Nuklearmedizin 2019; 58(02): 129
DOI: 10.1055/s-0039-1683541
Vorträge
Theranostik: NET und Radioembolisation
Georg Thieme Verlag KG Stuttgart · New York

Long-term Nephrotoxicity After PRRT: Mythos or Reality?

J Zhang
1   Zentralklinik Bad Berka, Theranostics Center for Molecular Radiotherapy & Molecular Imaging, Bad Berka
,
HR Kulkarni
1   Zentralklinik Bad Berka, Theranostics Center for Molecular Radiotherapy & Molecular Imaging, Bad Berka
,
A Singh
1   Zentralklinik Bad Berka, Theranostics Center for Molecular Radiotherapy & Molecular Imaging, Bad Berka
,
K Niepsch
1   Zentralklinik Bad Berka, Theranostics Center for Molecular Radiotherapy & Molecular Imaging, Bad Berka
,
C Schuchardt
1   Zentralklinik Bad Berka, Theranostics Center for Molecular Radiotherapy & Molecular Imaging, Bad Berka
,
T Langbein
1   Zentralklinik Bad Berka, Theranostics Center for Molecular Radiotherapy & Molecular Imaging, Bad Berka
,
RP Baum
1   Zentralklinik Bad Berka, Theranostics Center for Molecular Radiotherapy & Molecular Imaging, Bad Berka
› Author Affiliations
Further Information

Publication History

Publication Date:
27 March 2019 (online)

 
 

    Ziel/Aim:

    The aim of this study was to assess nephrotoxicity of peptide receptor radionuclide therapy (PRRT) in a large cohort of patients with neuroendocrine neoplasms (NEN) treated over the last 20 years in our institution.

    Methodik/Methods:

    A total of 1361 patients with NEN (male 767; mean age 60.0 ± 11.8y), treated with Lu-177-DOTATATE/-TOC, Y-90-DOTATATE/-TOC, DUO-PRRT, or TANDEM-PRRT were included with all parameters prospectively documented in a structured database (comprising over 250 items per patient).

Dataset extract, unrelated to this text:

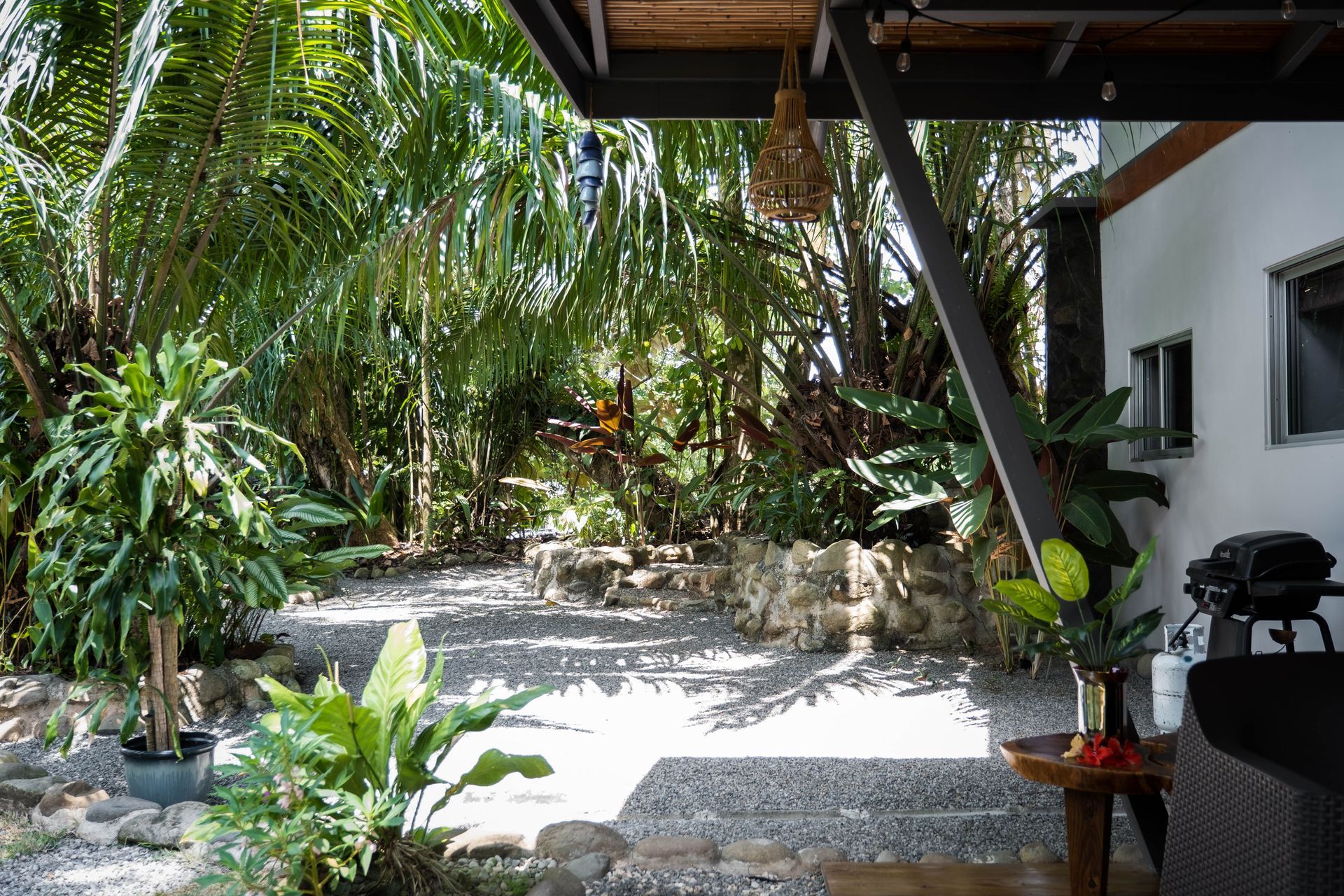 A sunny, gravel patio shaded by lush tropical plants and trees, viewed from under a covered house deck.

Kidney function (serum creatinine, blood urea nitrogen, cGFR, electrolytes) was evaluated prior to each PRRT cycle and in follow up. Renal function was further quantified by measuring the TER ans GFR. Treatment-related adverse events were graded according to CTCAE v.5.0.

    Ergebnisse/Results:

    5448 cycles of PRRT were administered, in addition, 4052 records were available for restaging. The median overall survival was 70.1 months with a median follow-up time of 91.8 months. Baseline creatinine was normal in 82.0% of subjects, grade 1 (G1) renal insufficiency (RI) was present prior to PRRT in 16.2%, G2 in 1.7%, and G3 in 0.1%. After treatment, renal function was normal in 78.2%, 18.9% had G1, and 1.9% had G2 RI. G3 events were recorded in only four patients (0.3%), of which two had a history of recurrent urinary tract infections and two had already GTC-3 at baseline. No CTC-4 or 5 nephrotoxicity was observed. TER changed from 207.7 ± 56.6 to 186.3 ± 53.8 ml/min; 45.5% had a clinically non-significant fall in renal function, whereas 32% showed an improvement after treatment. GFR changed from 83.9 ± 24.3 to 76.4 ± 25.7 ml/min/1.73 m2, including a clinically not relevant decline in 46.2%, whereas 33.0% showed an improvement. For subgroup who received 8 – 10 cycles of PRRT, the annual loss of the mean value of TER between 2003 and 2017 were 10%.

    Schlussfolgerungen/Conclusions:

    This retrospective analysis with prospective documentation in a large cohort of 1361 NEN patients, receiving 5448 cycles of PRRT with optimal nephroprotection, treated at a single institution over 20 years (with a median follow-up time of 91.8 months) did not reveal any evidence of significant long-term nephrotoxicity after PRRT.